| DATA BLOCK |

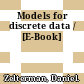 Models for discrete data / [E-Book]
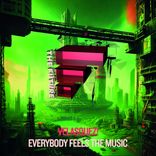 Artwork for "Everybody Feels The Music"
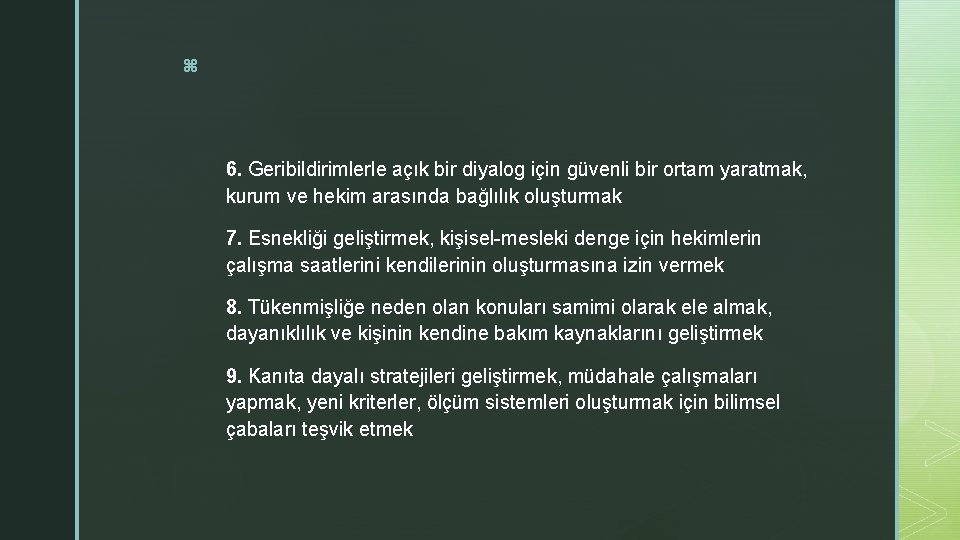 z 6. Geribildirimlerle açık bir diyalog için güvenli bir ortam yaratmak, kurum ve hekim z 6. Geribildirimlerle açık bir diyalog için güvenli bir ortam yaratmak, kurum ve hekim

| WHAT IS NEEDED |
The expected result is the material restated word for word, minus any picture.

| OUTPUT OF THE EXERCISE |
 Models for discrete data / [E-Book]
 Artwork for "Everybody Feels The Music"
 z 6. Geribildirimlerle açık bir diyalog için güvenli bir ortam yaratmak, kurum ve hekim z 6. Geribildirimlerle açık bir diyalog için güvenli bir ortam yaratmak, kurum ve hekim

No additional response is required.